In an interview that aired on Sunday, House Speaker Nancy Pelosi strongly criticized President Trump’s “totally wrong and inappropriate” Twitter attack on a long-serving U.S. diplomat during last week’s impeachment testimony.
“I think even his most ardent supporters have to honestly admit this was the wrong thing for the president to do,” Pelosi said during a CBS “Face the Nation” interview, which was taped on Friday.
She continued: “He should not frivolously throw out insults. But that’s what he does. I think part of it is his own insecurity as an impostor. I think he knows full well that he’s in that office way over his head, and so he has to diminish everyone else.”
Earlier Friday, Trump had launched a broadside against Marie Yovanovitch, the former U.S. ambassador to Ukraine, as she testified before the House Intelligence Committee. During the testimony, Yovanovitch, who was abruptly recalled from her post in the spring on orders from the White House, bluntly described the efforts of Rudy Giuliani, one of Trump’s personal attorneys, to smear her and advance business interests in Ukraine.
“Everywhere Marie Yovanovitch went turned bad. She started off in Somalia, how did that go?” Trump tweeted in real time as Yovanovitch testified, referring to her stint as an ambassador in that war-torn country.
The episode led to a strange moment during the hearing, in which Yovanovitch was asked by House Intelligence Committee Chairman Adam Schiff to respond to Trump’s tweet, which she wasn’t aware of.
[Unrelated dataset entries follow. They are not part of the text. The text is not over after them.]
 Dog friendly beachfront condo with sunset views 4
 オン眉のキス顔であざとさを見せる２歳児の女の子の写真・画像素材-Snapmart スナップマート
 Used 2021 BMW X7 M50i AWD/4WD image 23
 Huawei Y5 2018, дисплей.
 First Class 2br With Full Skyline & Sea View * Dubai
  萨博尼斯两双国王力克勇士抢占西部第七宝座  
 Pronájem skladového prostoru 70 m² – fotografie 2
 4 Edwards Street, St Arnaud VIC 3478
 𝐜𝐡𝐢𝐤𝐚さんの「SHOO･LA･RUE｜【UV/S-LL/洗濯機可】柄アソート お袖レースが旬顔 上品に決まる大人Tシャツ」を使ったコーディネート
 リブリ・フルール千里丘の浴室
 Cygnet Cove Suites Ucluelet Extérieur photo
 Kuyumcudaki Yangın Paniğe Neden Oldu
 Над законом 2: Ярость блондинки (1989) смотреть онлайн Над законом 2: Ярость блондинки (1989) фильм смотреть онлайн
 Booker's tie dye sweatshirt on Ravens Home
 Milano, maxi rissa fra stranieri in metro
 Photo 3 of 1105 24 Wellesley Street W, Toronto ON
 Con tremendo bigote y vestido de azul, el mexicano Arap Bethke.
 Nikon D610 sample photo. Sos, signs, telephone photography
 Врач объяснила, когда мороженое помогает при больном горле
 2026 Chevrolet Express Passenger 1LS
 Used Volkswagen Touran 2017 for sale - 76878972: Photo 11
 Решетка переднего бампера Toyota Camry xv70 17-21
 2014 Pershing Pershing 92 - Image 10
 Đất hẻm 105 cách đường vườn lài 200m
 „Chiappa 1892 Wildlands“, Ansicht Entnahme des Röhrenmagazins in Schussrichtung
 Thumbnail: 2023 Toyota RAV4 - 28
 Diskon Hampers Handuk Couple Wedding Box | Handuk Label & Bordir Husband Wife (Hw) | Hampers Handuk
“I don’t think I have such powers, not in Mogadishu, Somalia, and not in other places,” Yovanovitch said haltingly. “I actually think that where I’ve served over the years, I and others have demonstrably made things better for the U.S. as well as for the countries that I’ve served in.”
Even Republicans were critical of the tweet, which Democrats labeled “witness intimidation.”
“I disagree with the tweet,” said Rep. Elise Stefanik, R-N.Y., an ardent defender of Trump during the hearing, but who also commended Yovanovitch for her decades of public service.
In a statement, the White House defended the Twitter jab. “The tweet was not witness intimidation, it was simply the President’s opinion, which he is entitled to,” press secretary Stephanie Grisham said.
For her part, Pelosi stopped short of calling the attack witness intimidation.
“I haven’t had a lot of time to pay attention to the president’s tweets and the legal implications of them,” she said on CBS. “I just think it was totally wrong and inappropriate — and typical of the president.”